# WHAT TO DO:
Set down exactly the lines below between the line holding "PS Paul Smith PS" and the line holding "United Wiffleball logo design by Suvendu", inclusive; no other line belongs in the answer.

# DATA PROVIDED:
= = = = = = =

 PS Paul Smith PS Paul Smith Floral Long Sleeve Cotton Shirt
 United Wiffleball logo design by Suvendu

= = = = = = =

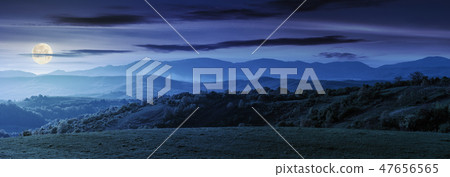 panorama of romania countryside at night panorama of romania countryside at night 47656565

= = = = = = =

# EXPECTED ANSWER:
 PS Paul Smith PS Paul Smith Floral Long Sleeve Cotton Shirt
 United Wiffleball logo design by Suvendu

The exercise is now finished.